The FBI and Department of Justice (DOJ) on Thursday announced that 270 people were arrested and that hundreds of pounds of fentanyl were seized as part of an operation targeting drug traffickers on darknet websites.
The arrests were made in Austria, Brazil, France, Germany, the Netherlands, South Korea, Spain, Switzerland, the United Kingdom, and the United States under “Operation RapTor,” according to the FBI. The name of the operation refers to the Tor software and browser that allows for anonymous web browsing and to access darkweb, or darknet, websites that are normally not accessible through standard browsers or search engines.
In a statement, the DOJ said that “more than $200 million in currency and digital assets, over two metric tons of drugs, 144 kilograms [317 lbs] of fentanyl or fentanyl-laced narcotics, and over 180 firearms” were also seized in the operation.
FBI officials noted that one kilogram, or 2.2 pounds, of fentanyl has the potential to kill up to 500,000 people. That drug has led to hundreds of thousands of overdose deaths in the United States over the past decade or so, and it’s currently the leading cause of overdose deaths in the country, federal health officials say.

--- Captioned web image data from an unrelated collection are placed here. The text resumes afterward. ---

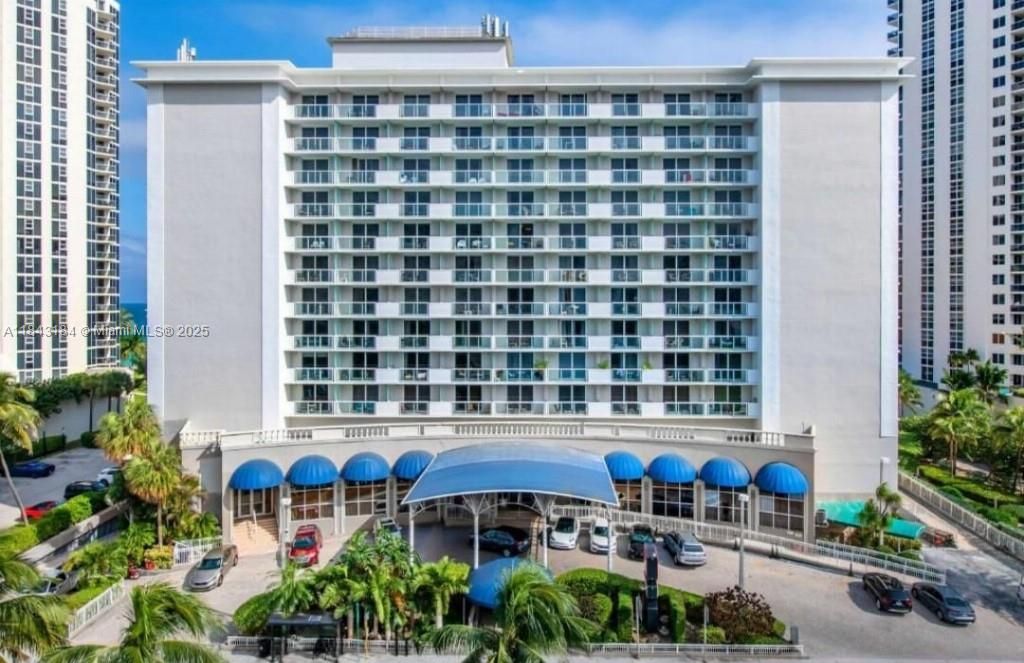 待售: $179,999 (0 贝兹, 1 浴室, 360 平方英尺)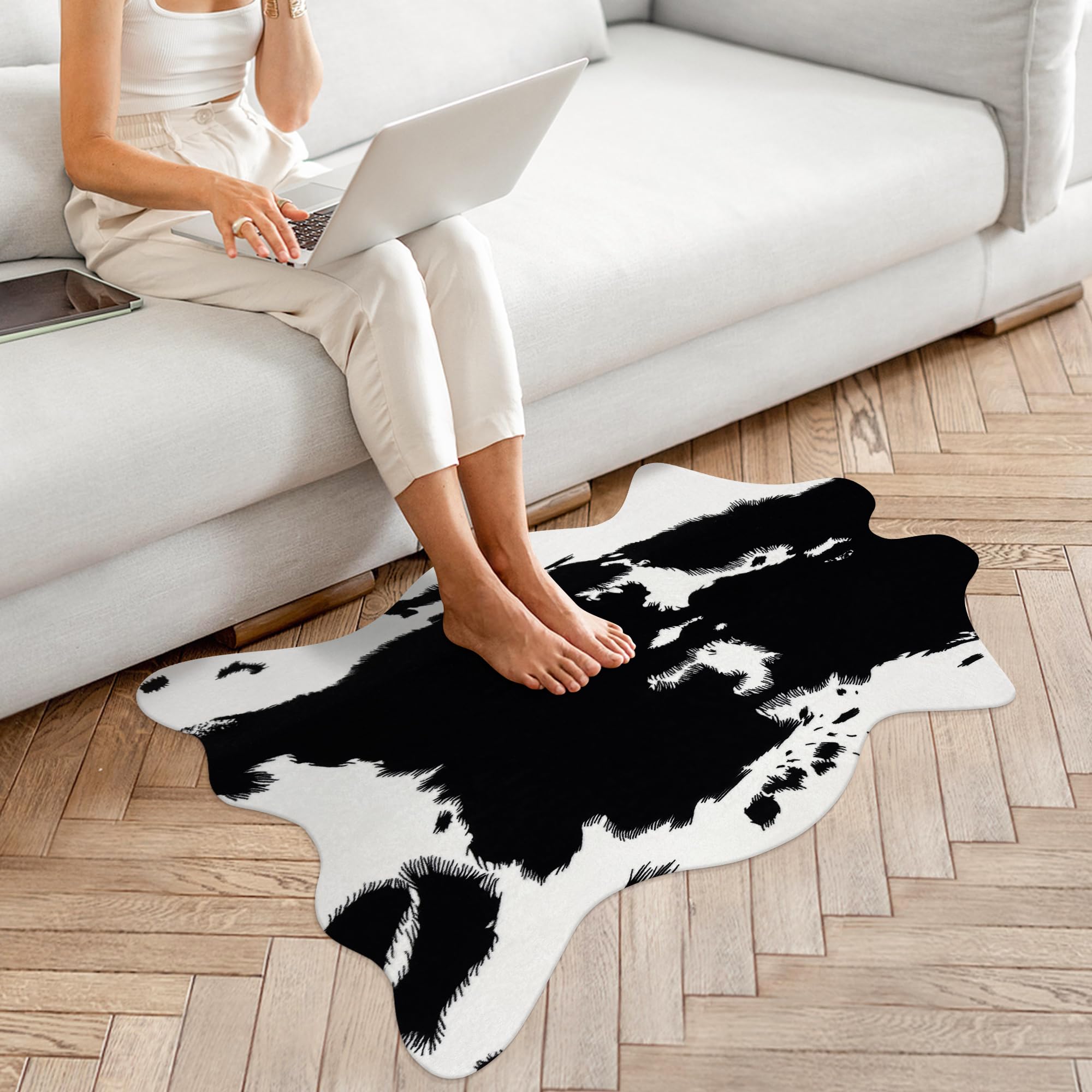 Aoczes Small Cow Print Area Rug Faux Cowhide Rug 3.6x2.46 Feet Animal Printed Carpets for Bedroom Living Room Western Home Decor Mat, Black Cow Print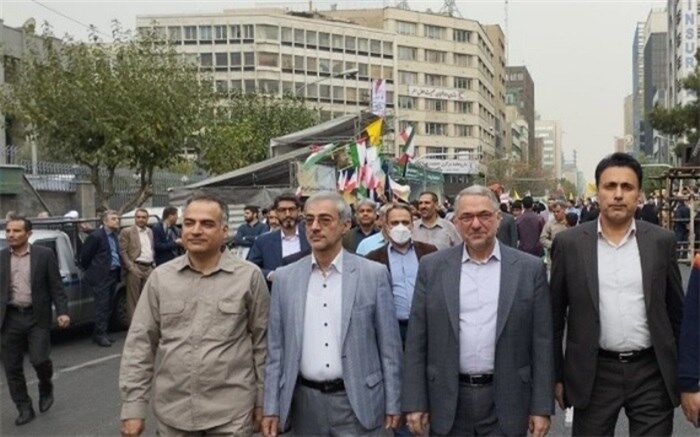 حضور دانش‌آموزان در راهپیمایی ۱۳ آبان اعلام حمایت همه‌جانبه از جبهه مقاومت است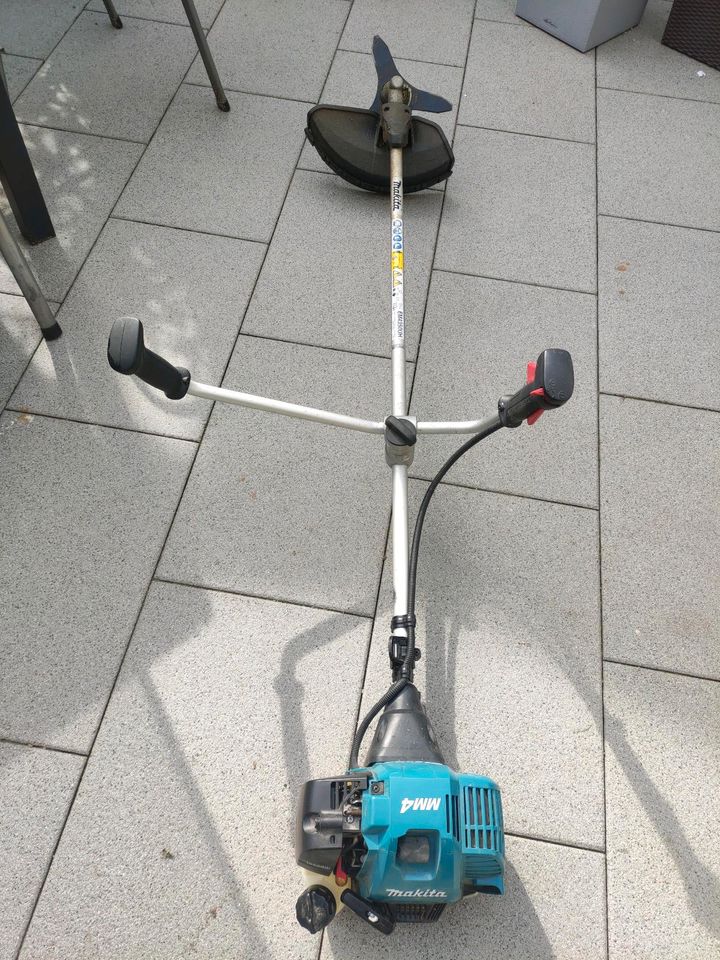 Makita EM4350UH Freischneider Motorsense in Ellerstadt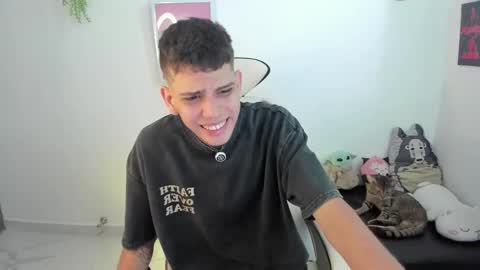 Snapshot of jasson___ chatting on 01-10-26, 04:09 jasson___ online show from 01-10-26, 04:09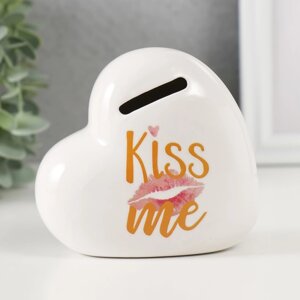 Копилка керамика 'Белое сердце - Kiss me' 11х5х10,5 см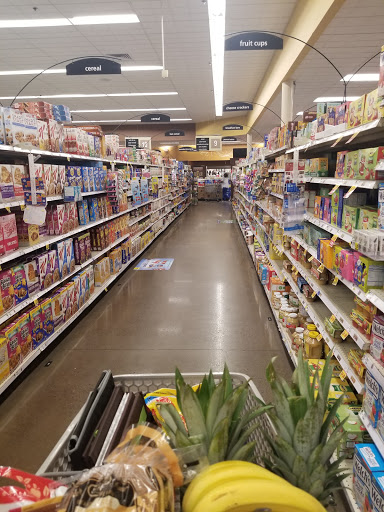 Grocery Store «Kroger», reviews and photos, 110 Dover Crossing Rd, Clarksville, TN 37042, USA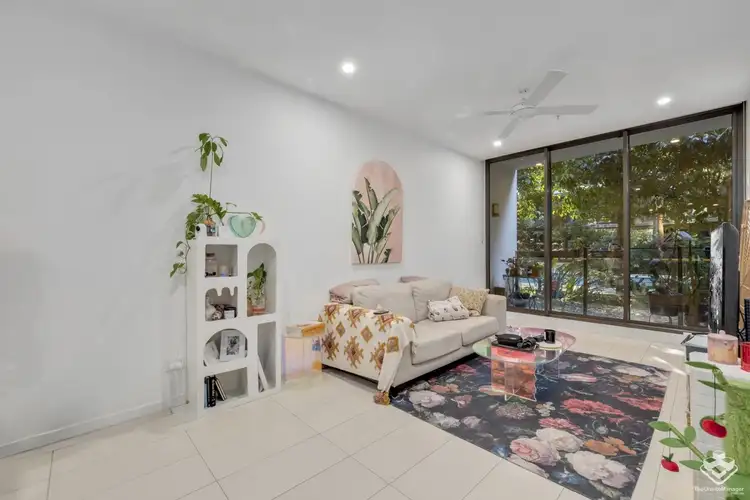 Main view of Homely apartment listing, ID:21134376/24 Stratton Street, Newstead QLD 4006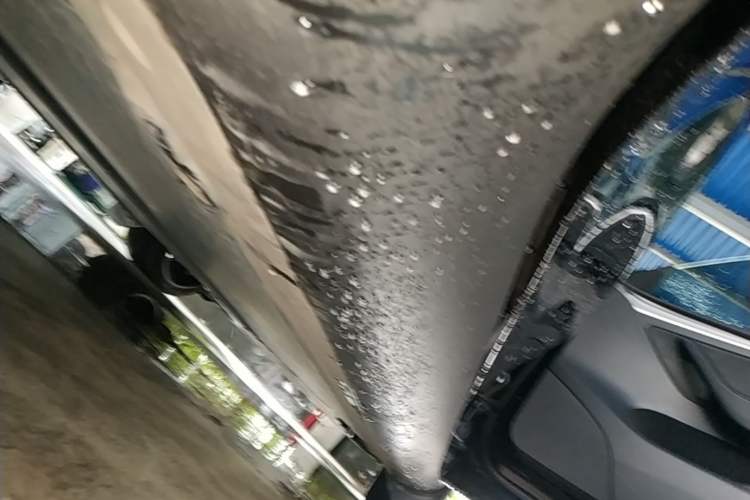 Used Tesla Model Y 2023 High-Performance All-Wheel-Drive Version Right Side Sill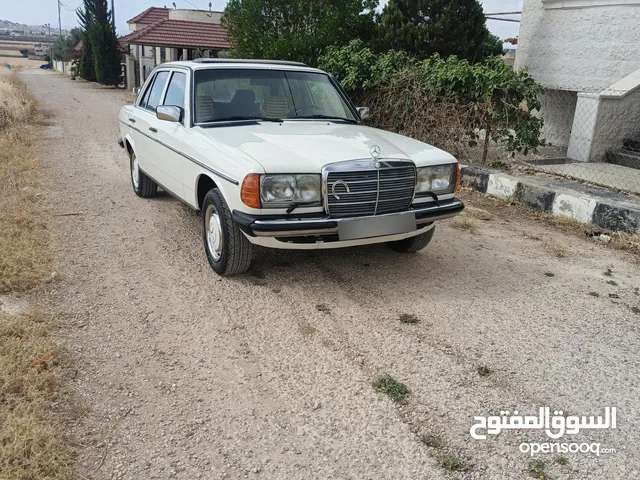 مرسيدس لف موديل 84 بحاله الوكاله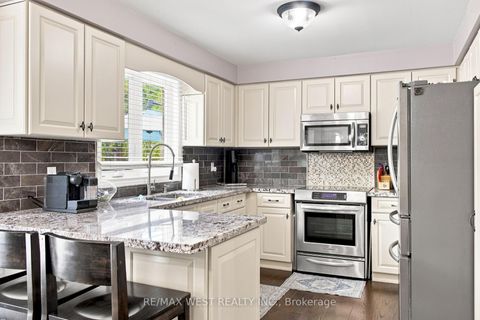 Photo 6 at 414 Belview Avenue, East Woodbridge, Vaughan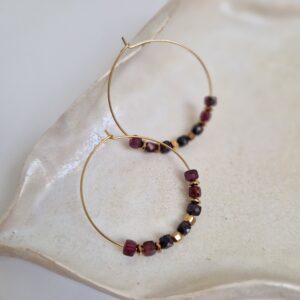 Kolczyki koła z granatem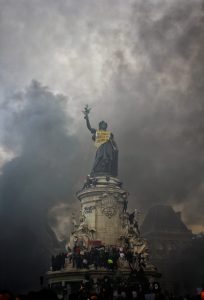 Demo Besar di Prancis Berujung Kerusuhan, 2.400 Orang Ditangkap hingga 19 Oktober 2026
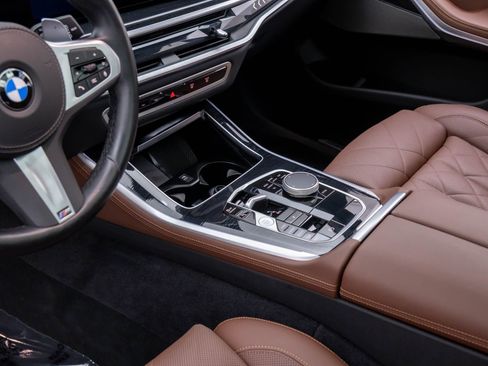 Certified 2024 BMW X5 xDrive40i w/ M Sport Package image 12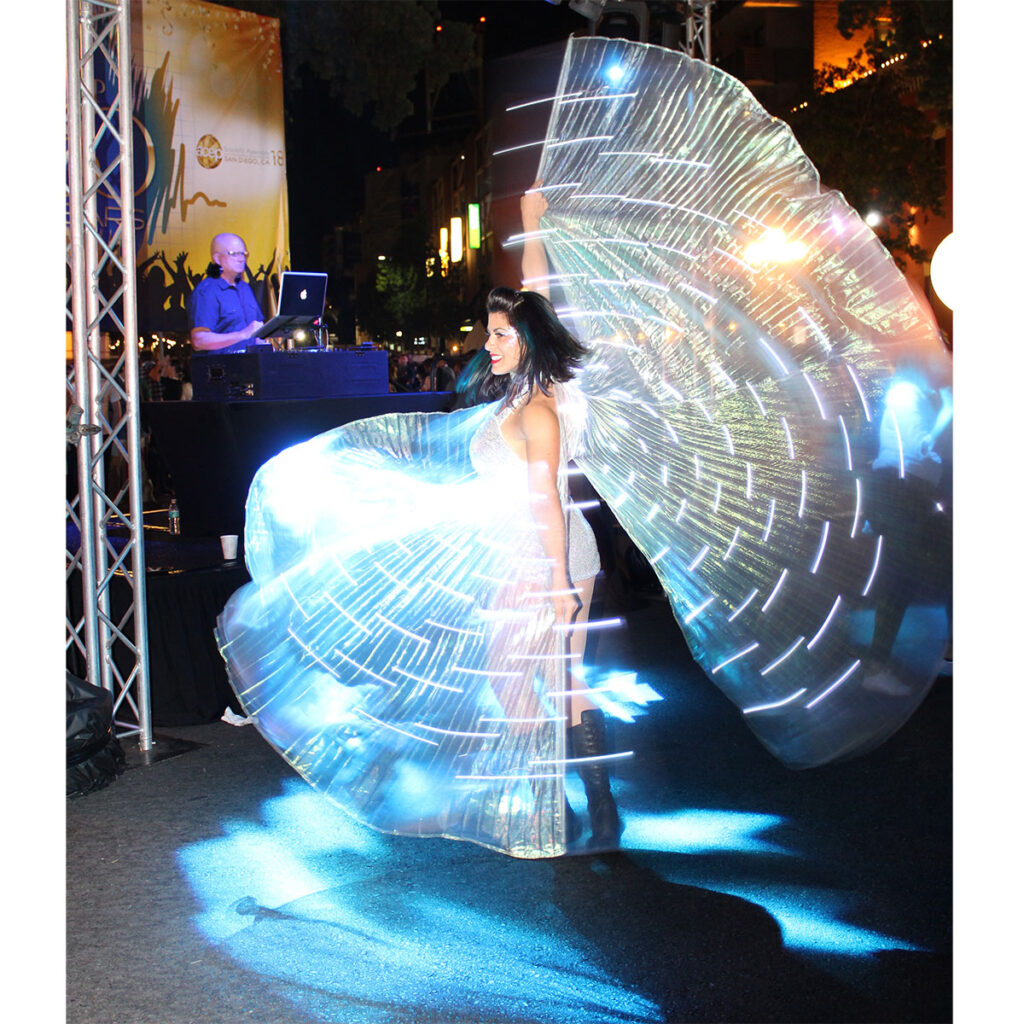 Glow/LED Performers
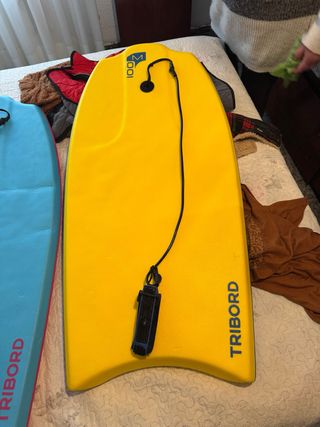 Tabla de surf amarilla TRIBORD 100M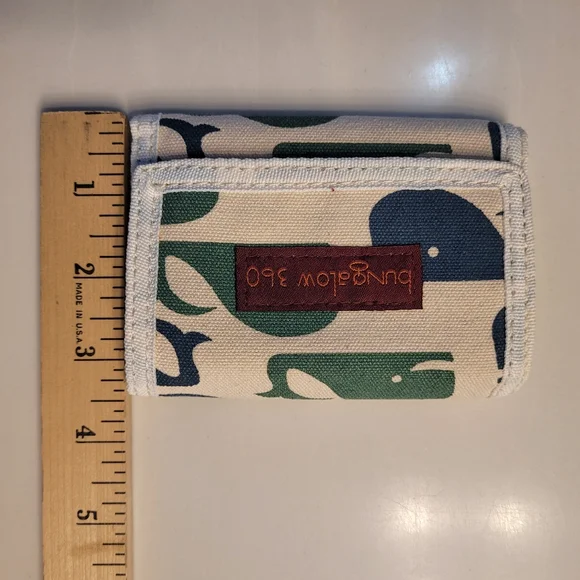 BUNGALOW 360 "Whales" Natural Canvas & Eco Friendly Ink Wallet Unisex - Picture 7 of 9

“By cowardly hiding online, these traffickers have wreaked havoc across our country and directly fueled the fentanyl crisis and gun violence impacting our American communities and neighborhoods,” FBI Director Kash Patel said in a statement on Thursday. “But the ease and accessibility of their crimes ends today.”
An operation targeting an apartment in Los Angeles that was being used as a hub to distribute cocaine and methamphetamine on the dark web also led to the seizure of “large amounts of cash and suspected drugs,” the FBI said.